Data block:
+---+
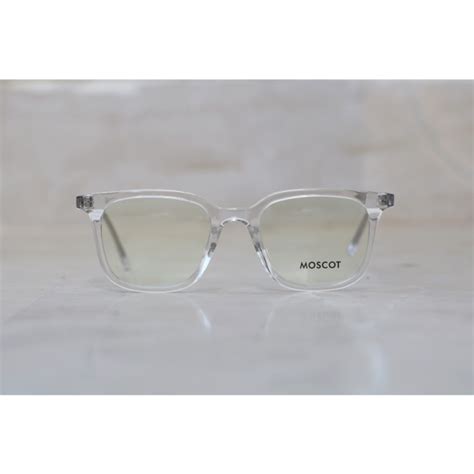 Moscot Translucent Blue Cut Acetate Rectangle Eyewear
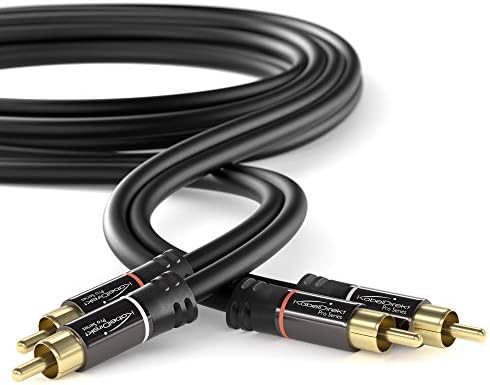 CABLIRECT - 6,5ft RCA / Phono kabel, 2 × 2 utikača, stereo audio kabl, praktično prokleta i besprijekorna kvaliteta zvuka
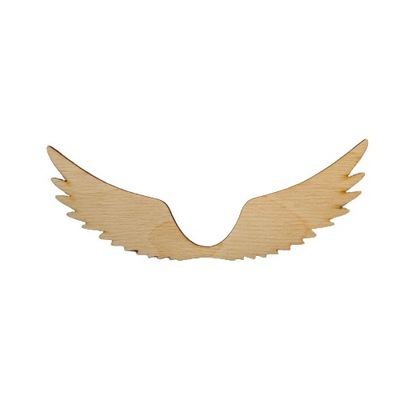 Makrama baza skrzydła skrzydełka 14 x 3 cm 5 szt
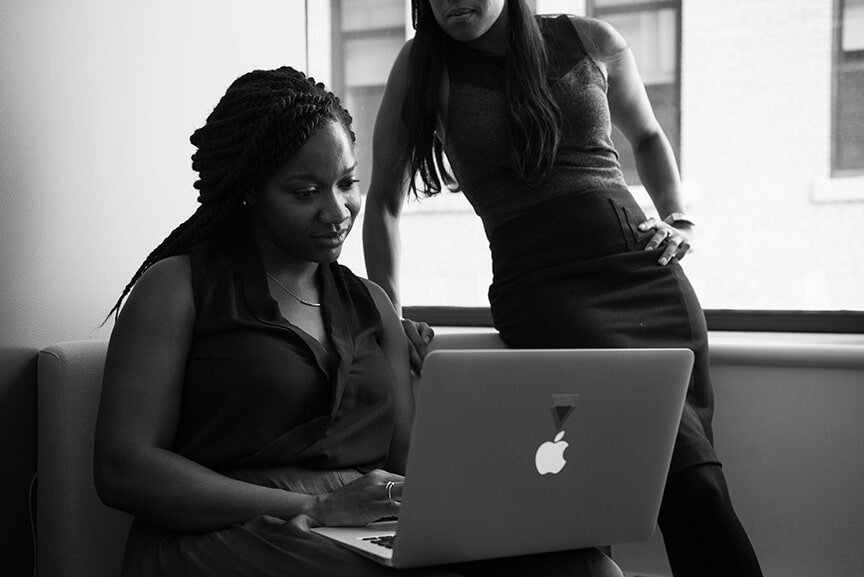 American black female web designers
+---+
Assigned task: Reproduce the listing exactly, but omit every picture in it.

Answer below:
 Moscot Translucent Blue Cut Acetate Rectangle Eyewear
 CABLIRECT - 6,5ft RCA / Phono kabel, 2 × 2 utikača, stereo audio kabl, praktično prokleta i besprijekorna kvaliteta zvuka
 Makrama baza skrzydła skrzydełka 14 x 3 cm 5 szt
 American black female web designers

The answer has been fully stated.